A prominent theme in the discourse of international taxation is that taxing rights should follow wealth production. In considering the validity of this proposition, the paper will rely on the familiar dichotomy in moral philosophy between the right and the good. In the context of international taxation, the right involves a host country’s deontological claim to receive a portion of the income produced within its borders. The good involves the claim that host countries need revenue from multinational enterprises (MNEs) to fund public goods. Although the literature often conflates these two claims, they are distinct and require separate analysis.
Within the realm of the right, we must make a further distinction between two different types of right-based claims. On the one hand, a host country may assert that MNEs who choose to operate in its territory take upon themselves an implicit contractual obligation to pay tax as delineated in the host country’s laws. When the host country imposes an income tax, MNEs are in effect contractually obligated to pay the host country a percentage of the income generated by their economic activity in the host country. Alternatively, the host country may assert a neo-Lockean claim to a commensurate share of the wealth that its social capital – in the broadest possible sense of the term – helped to create.
Regarding the contractual claim, I argue that the terms of the contract are in almost all cases delineated by the host country’s tax legislation. In effect the host country offers a standard-form contract to foreign entities, which then signify their assent by investing or otherwise operating in the host country’s territory. Consequently, if the terms of the agreement are difficult to enforce, the most obvious response would be to adopt terms that are more easily enforceable. I posit that the reason host countries do not do so is because a stricter tax regime would make it difficult to compete for international investments against countries whose tax systems are easier to manipulate. In other words, the so-called “loopholes” are actually part and parcel of the implicit contractual arrangement between the host country and the MNE.
The neo-Lockean argument is that creation of wealth within a country’s borders is effectively a joint project involving the exploitation of the MNE’s resources along with the social capital – in the broadest sense of the term – of the host country. Under neo-Lockean theory, the host country is entitled to a share of the income commensurate with its contribution to the production of that wealth, and income tax is the means by which it asserts that right. Profit shifting by MNEs understates the wealth actually created within the host country’s territory and prevents the host country from claiming its fair share of that income. I contend that this argument too does not succeed. First, from the mere fact that an MNE derives wealth from its operations in the territory of a certain country, it does not necessarily follow that the host country’s social capital contributes in any meaningful way to the production of that wealth. Second, even when there is reliance upon the social capital of the host country, the MNE will in most cases pay for its exploitation of the host country’s social capital via factor prices (particularly salaries and rent). Third, to the extent that the positive contribution of its social capital is not reflected in factor prices, the host country should be able effectively to impose tax on foreign entities. Its desire for more MNE tax revenue than it is capable of collecting in a competitive atmosphere constitutes at least prima facia evidence that it wants more than its actual contribution to the creation of wealth.

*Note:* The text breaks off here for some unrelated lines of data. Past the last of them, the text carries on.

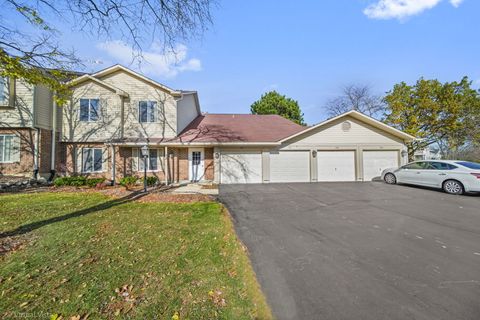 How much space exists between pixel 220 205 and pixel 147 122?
9309 millimetres

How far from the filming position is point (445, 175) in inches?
368

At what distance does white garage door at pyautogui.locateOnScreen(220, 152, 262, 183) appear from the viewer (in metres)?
13.4

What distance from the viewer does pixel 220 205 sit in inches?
292

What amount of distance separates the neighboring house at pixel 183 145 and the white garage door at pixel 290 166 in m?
0.07

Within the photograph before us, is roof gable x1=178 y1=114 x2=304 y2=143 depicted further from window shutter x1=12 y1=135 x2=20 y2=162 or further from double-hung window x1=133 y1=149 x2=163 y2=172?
window shutter x1=12 y1=135 x2=20 y2=162

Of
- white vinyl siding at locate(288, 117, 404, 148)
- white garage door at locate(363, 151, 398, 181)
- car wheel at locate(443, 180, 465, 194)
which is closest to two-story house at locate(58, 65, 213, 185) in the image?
white vinyl siding at locate(288, 117, 404, 148)

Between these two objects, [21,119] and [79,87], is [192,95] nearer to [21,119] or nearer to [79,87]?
[79,87]

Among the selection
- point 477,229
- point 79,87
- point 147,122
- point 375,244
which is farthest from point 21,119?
point 477,229

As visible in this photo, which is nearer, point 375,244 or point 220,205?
point 375,244

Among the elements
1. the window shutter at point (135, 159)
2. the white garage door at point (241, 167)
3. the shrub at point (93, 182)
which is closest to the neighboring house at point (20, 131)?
the shrub at point (93, 182)

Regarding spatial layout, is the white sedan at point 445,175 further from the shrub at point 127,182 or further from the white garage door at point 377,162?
the shrub at point 127,182

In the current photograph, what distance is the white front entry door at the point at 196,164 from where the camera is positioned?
13.8 meters

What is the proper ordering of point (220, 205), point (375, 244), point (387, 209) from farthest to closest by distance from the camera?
point (220, 205), point (387, 209), point (375, 244)

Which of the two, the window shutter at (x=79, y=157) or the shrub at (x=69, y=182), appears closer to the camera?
the shrub at (x=69, y=182) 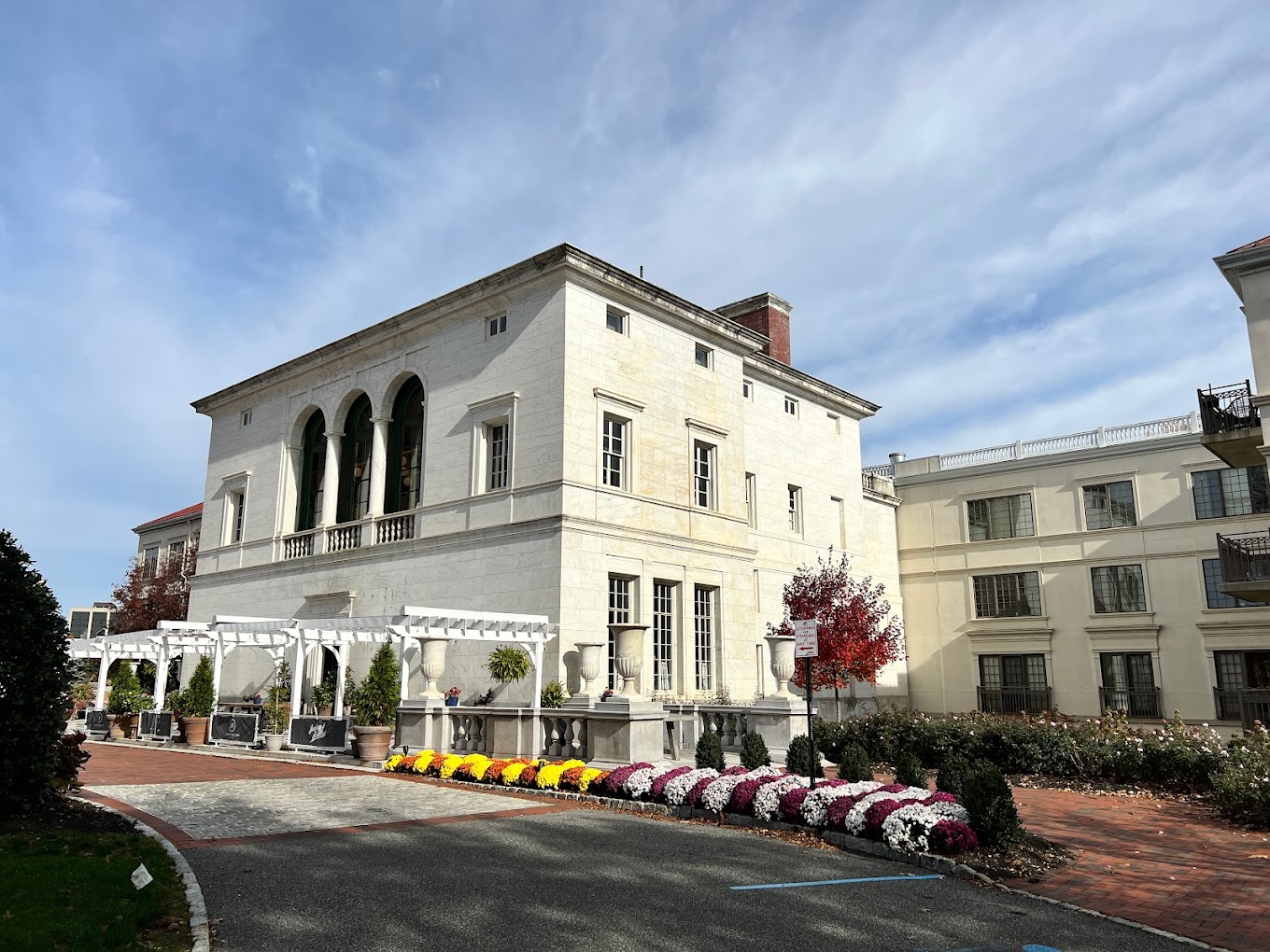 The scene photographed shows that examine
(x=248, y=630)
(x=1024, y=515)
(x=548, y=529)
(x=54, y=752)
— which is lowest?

Moving from the right to the good, it is often asserted that budgetary exigencies of host countries require that they collect taxes from MNEs and that without such revenue their ability to supply essential public good would be seriously curtailed. However, this utilitarian claim does nothing to support the proposition that taxing rights should follow the production of wealth. In allocating taxing rights under the umbrella of the good, it is needs and the capacity to meet those needs that should dictate taxing power. To which of any number countries the international tax regime should grant the power to tax a particular MNE’s income in the name of the good would be a function of the extent to which granting the taxing power to any particular country would promote total human happiness. The location of wealth production is irrelevant from this perspective.

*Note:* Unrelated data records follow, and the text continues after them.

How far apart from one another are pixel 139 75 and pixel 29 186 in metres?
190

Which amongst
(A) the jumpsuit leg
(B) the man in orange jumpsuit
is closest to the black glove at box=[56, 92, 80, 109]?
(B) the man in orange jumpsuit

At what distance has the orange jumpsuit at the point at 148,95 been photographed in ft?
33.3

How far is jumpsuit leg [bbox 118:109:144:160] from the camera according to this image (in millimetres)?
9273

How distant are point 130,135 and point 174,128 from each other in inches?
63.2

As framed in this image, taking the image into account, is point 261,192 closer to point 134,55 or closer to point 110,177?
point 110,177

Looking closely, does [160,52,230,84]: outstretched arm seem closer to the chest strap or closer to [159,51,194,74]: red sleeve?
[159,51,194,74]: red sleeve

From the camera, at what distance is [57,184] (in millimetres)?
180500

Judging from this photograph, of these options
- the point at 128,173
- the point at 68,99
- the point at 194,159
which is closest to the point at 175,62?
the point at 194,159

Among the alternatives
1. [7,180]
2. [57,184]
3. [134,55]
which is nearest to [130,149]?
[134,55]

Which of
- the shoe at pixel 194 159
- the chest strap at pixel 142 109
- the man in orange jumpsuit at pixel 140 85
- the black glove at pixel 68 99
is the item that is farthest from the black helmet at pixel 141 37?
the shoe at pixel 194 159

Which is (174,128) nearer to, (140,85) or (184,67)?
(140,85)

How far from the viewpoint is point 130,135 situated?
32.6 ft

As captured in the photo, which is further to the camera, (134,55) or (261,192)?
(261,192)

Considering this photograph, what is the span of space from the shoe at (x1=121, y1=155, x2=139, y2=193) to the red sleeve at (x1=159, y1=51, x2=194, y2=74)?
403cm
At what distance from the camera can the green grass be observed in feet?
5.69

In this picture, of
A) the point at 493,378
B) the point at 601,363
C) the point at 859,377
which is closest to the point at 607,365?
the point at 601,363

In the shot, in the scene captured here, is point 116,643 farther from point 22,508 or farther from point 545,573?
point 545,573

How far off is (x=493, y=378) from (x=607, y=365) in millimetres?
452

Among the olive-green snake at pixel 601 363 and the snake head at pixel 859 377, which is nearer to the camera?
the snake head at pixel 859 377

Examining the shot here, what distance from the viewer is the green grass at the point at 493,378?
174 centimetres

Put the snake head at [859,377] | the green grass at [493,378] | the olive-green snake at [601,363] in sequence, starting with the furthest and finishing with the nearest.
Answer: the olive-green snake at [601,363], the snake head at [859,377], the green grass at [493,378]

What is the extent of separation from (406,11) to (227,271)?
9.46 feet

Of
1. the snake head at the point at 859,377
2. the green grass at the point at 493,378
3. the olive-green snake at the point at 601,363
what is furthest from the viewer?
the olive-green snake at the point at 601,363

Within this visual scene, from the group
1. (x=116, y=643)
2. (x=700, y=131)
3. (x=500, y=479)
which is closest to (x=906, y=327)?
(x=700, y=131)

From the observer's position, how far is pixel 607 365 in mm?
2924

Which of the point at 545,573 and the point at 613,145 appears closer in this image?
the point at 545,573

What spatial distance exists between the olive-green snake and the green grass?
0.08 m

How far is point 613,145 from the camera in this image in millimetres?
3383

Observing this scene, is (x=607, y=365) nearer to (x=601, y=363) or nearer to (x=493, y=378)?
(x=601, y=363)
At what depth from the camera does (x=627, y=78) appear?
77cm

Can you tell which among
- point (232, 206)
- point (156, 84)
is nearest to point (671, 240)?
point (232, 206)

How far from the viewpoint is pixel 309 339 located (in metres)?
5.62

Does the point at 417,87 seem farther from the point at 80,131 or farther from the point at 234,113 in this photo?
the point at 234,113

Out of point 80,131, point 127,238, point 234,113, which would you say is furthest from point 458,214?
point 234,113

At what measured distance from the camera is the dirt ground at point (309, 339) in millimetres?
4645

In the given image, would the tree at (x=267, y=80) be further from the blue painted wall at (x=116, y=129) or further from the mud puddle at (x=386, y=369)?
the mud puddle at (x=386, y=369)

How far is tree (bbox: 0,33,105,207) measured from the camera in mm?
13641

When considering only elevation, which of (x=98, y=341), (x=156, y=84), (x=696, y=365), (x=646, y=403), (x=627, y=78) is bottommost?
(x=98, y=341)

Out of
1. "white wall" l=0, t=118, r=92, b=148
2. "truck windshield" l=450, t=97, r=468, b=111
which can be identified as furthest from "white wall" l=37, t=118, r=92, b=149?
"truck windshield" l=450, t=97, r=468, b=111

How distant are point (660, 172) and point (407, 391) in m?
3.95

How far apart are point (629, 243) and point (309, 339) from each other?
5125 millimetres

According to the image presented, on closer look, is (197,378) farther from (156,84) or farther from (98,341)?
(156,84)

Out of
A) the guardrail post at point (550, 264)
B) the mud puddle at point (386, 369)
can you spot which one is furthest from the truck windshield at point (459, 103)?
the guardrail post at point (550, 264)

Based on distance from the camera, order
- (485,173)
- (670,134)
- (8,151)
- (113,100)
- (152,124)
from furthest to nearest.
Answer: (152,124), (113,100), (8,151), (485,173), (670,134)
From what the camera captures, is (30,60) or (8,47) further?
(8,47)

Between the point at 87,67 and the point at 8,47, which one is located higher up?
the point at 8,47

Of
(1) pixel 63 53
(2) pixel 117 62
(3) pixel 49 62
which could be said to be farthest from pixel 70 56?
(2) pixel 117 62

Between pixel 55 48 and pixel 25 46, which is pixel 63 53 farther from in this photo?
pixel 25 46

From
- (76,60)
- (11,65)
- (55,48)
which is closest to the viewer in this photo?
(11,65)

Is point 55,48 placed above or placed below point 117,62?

The paper concludes by considering why the principle that taxing rights should follow value creation has gained such prominence in the discourse on international taxation. I speculate that what actually motivates countries is a parochial concept of the good in which the welfare of their constituents takes precedence over the welfare of others. However, as it is difficult to seek international cooperation to implement such a principle, they instead attempt to justify their position in terms of an objective principle, even if that principle ultimately lacks a normative justification.